Trying To Conceive? 8 Nutrition Tips To Help Increase Your Chances

What You Eat Could Play A Part In Fertility And Conception

By Lucy Gornall, Health Journalist of the Year (HFMA) and personal trainer specialising in pre and post-natal fitness

Green Vegetables On A Marble Work Surface

A healthy, nutritious diet is important throughout every stage of life, but when you’re trying to conceive, it becomes even more key. This isn’t just to aid conception, but also to ensure that if you do fall pregnant, your body can provide all the right nutrients for the growing foetus.

In general, The British Nutrition Foundation advises that women who are trying for a baby should adopt a healthy, varied and balanced diet, including plenty of starchy foods, a spectrum of colourful fruits and vegetables, protein sources and some dairy. As with the general population, food and drinks that contain high amounts of fat and sugar should be limited.

Maintaining a healthy weight is really important at this point. Aim for a BMI of 20-25 as having a BMI classed as overweight or underweight, can, according to the BNF, be associated with infertility.

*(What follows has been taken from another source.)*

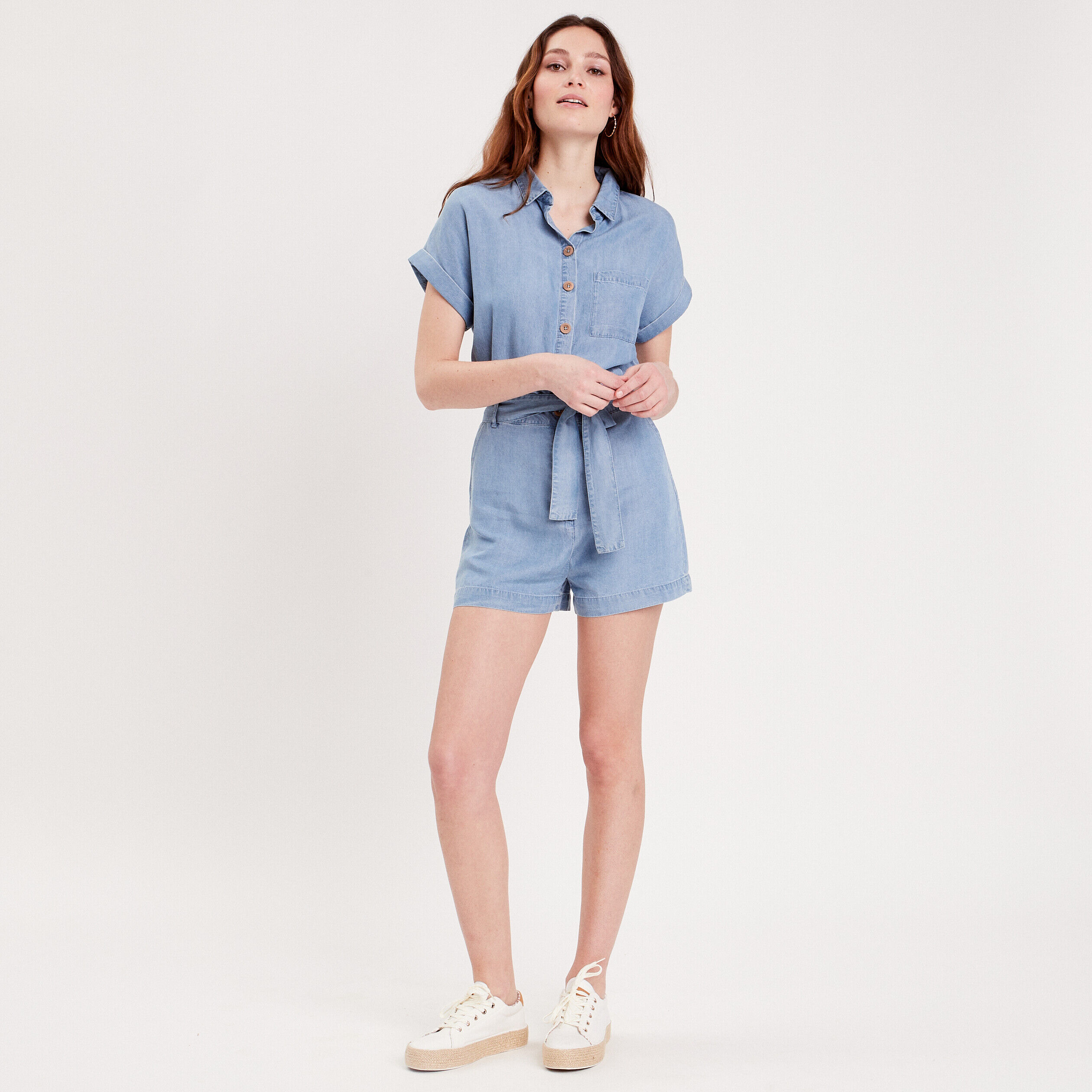 Combishort boutonnée à ceinture denim bleach femme | Cache Cache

1. Ensure Plenty Of Folic Acid

The NHS advise that women trying to conceive should take 400 micrograms (µg) of folic acid every day before conception, and then into pregnancy, up to 12 weeks. The NHS also advise women to take an extra 5 milligrams (5mg) if you have previously had a pregnancy affected by a neural tube defect, or if you or the baby’s potential father have a family history of a neural tube defect. If you have diabetes or take anti-epilepsy medicine, you are also advised to take a higher dose of folic acid.

Eating foods that contain folic acid is also advised. These include leafy green vegetables, some fortified foods such as cereal, beans, legumes, orange juice and bananas.

2. Give Alcohol A Miss

The Chief Medical Officers’ advice is to avoid alcohol if you’re trying to get pregnant, as well as throughout pregnancy itself. In fact, Drinkaware reveal that one study showed between one and five drinks a week can reduce a woman’s chances of conceiving. If you’re missing that glass of wine, there are plenty of 0% alcohol options available, so give them a go to see which takes your fancy.

3. Keep Up The Calcium

Whilst it might not actually increase fertility, calcium is essential for when you do become pregnant to help bones and teeth. If you’re deficient, calcium from your own bones may be used to help your growing baby. Include milk, cheese and yogurt in your day-to-day diet to avoid any calcium deficiencies.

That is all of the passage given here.